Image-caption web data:
****************************************
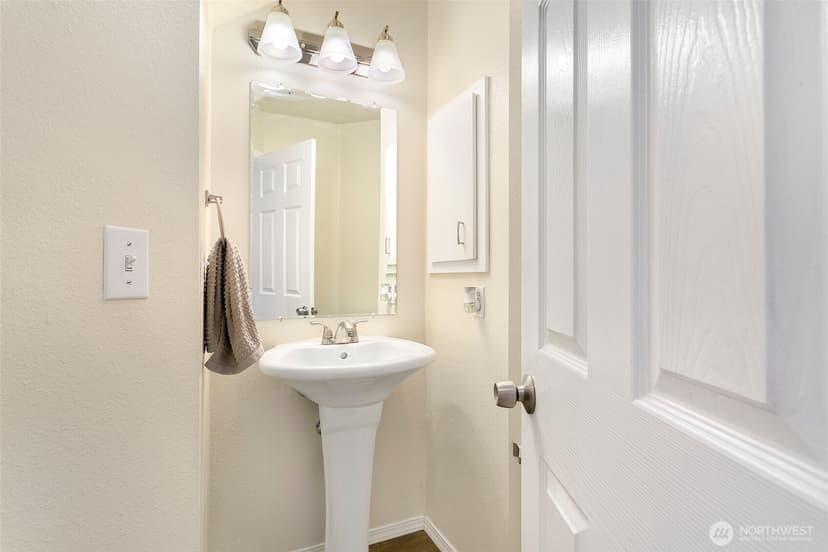Property photo for 1825 S 330th Street #E7, Federal Way photo 10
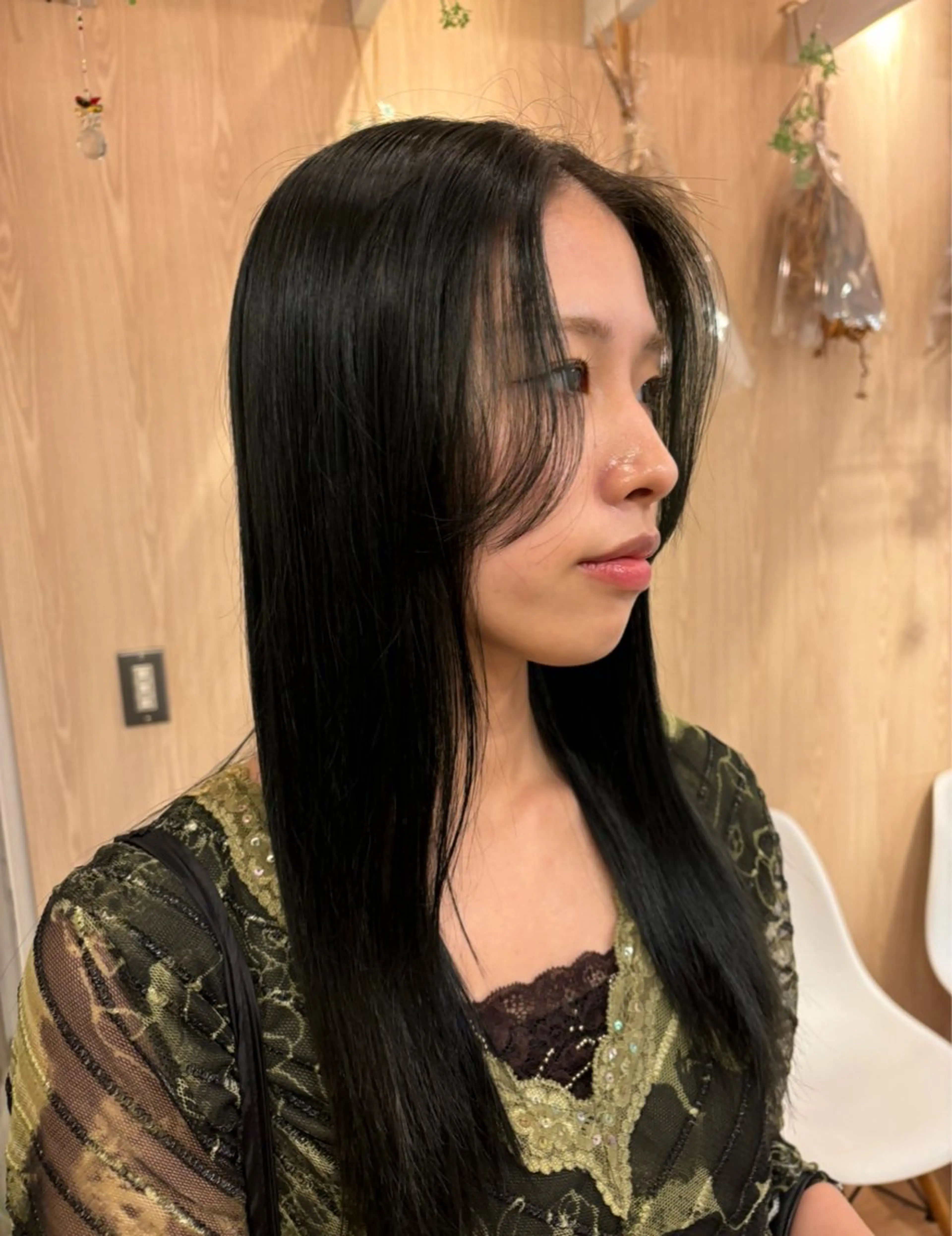 セミロング 透明感カラー⭐︎ コナツのヘアスタイル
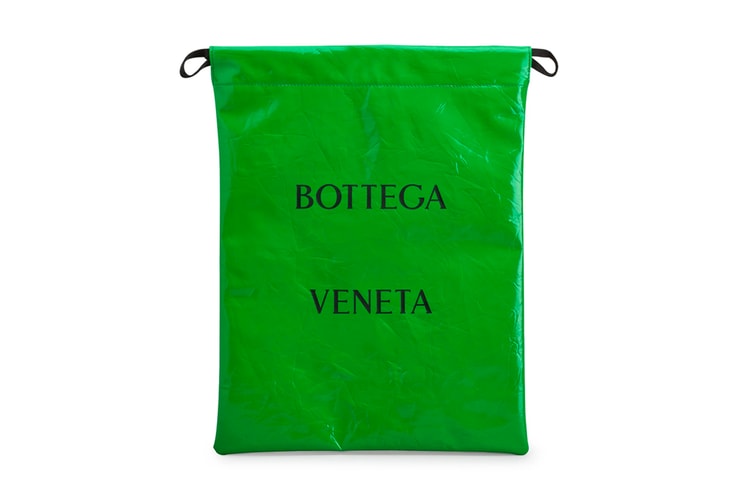 Bottega Veneta からショップバッグを再現したレザー製ポーチが登場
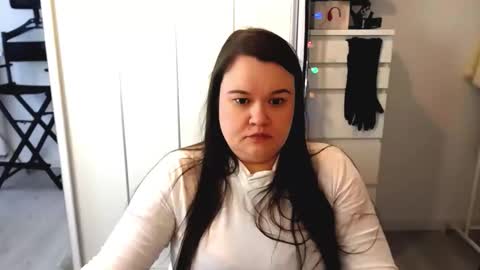 Snapshot of nightholly chatting on 24, 2, 2026 Holly online show from 24, 2, 2026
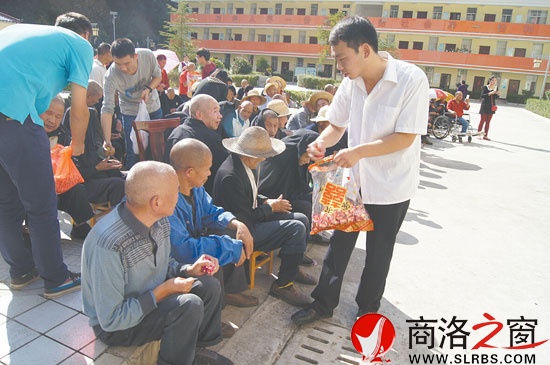 大学生村官志愿者协会经常利用工作之余做爱心公益活动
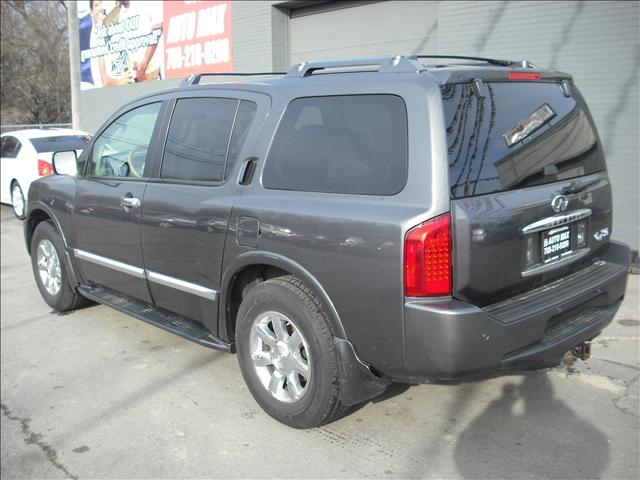 Infiniti QX56 2005 photo 2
****************************************
Write the lines out exactly, beginning at the line that holds "セミロング 透明感カラー⭐︎ コナツのヘアスタイル" and stopping after the last line of the entries; include no pictures.

 セミロング 透明感カラー⭐︎ コナツのヘアスタイル
 Bottega Veneta からショップバッグを再現したレザー製ポーチが登場
 Snapshot of nightholly chatting on 24, 2, 2026 Holly online show from 24, 2, 2026
 大学生村官志愿者协会经常利用工作之余做爱心公益活动
 Infiniti QX56 2005 photo 2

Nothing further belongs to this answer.